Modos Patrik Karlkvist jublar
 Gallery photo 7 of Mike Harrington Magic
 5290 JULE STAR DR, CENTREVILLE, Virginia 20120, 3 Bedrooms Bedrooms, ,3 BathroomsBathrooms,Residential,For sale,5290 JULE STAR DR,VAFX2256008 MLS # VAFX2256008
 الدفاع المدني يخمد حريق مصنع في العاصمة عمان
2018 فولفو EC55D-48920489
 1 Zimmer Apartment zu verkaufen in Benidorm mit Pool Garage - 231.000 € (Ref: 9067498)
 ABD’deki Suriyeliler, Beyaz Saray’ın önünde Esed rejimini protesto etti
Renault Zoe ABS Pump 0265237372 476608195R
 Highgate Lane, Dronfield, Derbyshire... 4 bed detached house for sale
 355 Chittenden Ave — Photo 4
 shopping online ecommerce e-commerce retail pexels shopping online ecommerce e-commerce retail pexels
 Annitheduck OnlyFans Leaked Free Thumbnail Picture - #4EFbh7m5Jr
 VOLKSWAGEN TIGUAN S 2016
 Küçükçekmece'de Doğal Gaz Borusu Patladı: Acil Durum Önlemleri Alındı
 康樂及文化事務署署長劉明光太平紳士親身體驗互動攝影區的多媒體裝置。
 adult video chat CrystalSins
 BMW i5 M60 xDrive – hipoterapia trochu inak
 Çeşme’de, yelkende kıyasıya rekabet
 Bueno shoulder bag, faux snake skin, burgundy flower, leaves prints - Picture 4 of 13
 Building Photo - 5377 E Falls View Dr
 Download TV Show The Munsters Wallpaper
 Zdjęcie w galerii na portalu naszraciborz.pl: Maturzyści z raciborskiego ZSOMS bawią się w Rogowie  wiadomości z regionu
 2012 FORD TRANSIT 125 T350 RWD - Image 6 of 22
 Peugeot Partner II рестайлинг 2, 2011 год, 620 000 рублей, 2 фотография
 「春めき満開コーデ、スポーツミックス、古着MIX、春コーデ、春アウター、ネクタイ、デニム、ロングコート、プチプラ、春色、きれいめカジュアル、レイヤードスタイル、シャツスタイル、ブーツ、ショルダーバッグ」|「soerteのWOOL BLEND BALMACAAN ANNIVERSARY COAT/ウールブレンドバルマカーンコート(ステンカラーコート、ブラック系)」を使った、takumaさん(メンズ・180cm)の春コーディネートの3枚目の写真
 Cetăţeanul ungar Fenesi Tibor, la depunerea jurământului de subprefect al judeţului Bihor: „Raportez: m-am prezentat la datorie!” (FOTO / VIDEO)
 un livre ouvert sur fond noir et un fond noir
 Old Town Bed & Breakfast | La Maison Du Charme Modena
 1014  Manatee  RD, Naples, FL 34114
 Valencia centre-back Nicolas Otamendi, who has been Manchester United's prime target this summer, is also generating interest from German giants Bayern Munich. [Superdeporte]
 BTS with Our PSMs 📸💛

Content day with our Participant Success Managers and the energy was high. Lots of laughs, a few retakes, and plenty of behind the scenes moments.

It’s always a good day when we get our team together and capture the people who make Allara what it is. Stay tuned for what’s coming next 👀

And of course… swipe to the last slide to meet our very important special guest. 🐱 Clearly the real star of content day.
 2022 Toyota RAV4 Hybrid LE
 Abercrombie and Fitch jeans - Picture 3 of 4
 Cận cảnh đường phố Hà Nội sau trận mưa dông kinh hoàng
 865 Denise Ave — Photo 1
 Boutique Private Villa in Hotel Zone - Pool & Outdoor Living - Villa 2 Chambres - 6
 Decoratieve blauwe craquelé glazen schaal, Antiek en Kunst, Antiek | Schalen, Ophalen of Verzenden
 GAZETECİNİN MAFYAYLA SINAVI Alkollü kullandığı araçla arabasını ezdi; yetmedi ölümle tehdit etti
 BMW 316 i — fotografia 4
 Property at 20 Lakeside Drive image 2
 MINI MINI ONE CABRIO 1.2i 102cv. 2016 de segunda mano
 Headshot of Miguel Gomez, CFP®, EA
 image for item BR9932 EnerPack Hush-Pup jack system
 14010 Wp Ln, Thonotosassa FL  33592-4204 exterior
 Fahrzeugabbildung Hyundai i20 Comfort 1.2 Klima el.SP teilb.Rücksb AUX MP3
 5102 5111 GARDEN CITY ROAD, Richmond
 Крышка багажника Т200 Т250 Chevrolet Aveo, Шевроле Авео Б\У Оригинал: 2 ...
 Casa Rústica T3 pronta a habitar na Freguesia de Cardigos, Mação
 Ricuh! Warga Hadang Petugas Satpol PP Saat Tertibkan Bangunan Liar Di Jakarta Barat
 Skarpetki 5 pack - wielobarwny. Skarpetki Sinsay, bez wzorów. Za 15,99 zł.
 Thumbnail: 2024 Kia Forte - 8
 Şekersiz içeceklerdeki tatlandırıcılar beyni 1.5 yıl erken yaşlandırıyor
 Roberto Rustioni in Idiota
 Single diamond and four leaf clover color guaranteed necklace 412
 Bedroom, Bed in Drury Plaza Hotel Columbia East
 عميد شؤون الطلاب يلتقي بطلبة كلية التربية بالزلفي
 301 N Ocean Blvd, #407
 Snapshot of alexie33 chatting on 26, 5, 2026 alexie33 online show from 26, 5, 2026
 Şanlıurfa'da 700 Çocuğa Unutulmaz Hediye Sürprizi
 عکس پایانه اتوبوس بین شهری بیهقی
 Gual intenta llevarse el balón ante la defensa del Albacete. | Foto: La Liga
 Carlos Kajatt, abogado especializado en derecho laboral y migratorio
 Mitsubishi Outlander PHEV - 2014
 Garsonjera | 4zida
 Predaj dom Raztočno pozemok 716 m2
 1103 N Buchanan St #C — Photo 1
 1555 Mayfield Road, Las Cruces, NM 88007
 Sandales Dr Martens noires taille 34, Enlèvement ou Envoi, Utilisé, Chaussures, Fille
◆ ◆ ◆ ◆ ◆
All lines with the string "sale" must be copied from the data.

WRITTEN RESPONSE =
 5290 JULE STAR DR, CENTREVILLE, Virginia 20120, 3 Bedrooms Bedrooms, ,3 BathroomsBathrooms,Residential,For sale,5290 JULE STAR DR,VAFX2256008 MLS # VAFX2256008
 Highgate Lane, Dronfield, Derbyshire... 4 bed detached house for sale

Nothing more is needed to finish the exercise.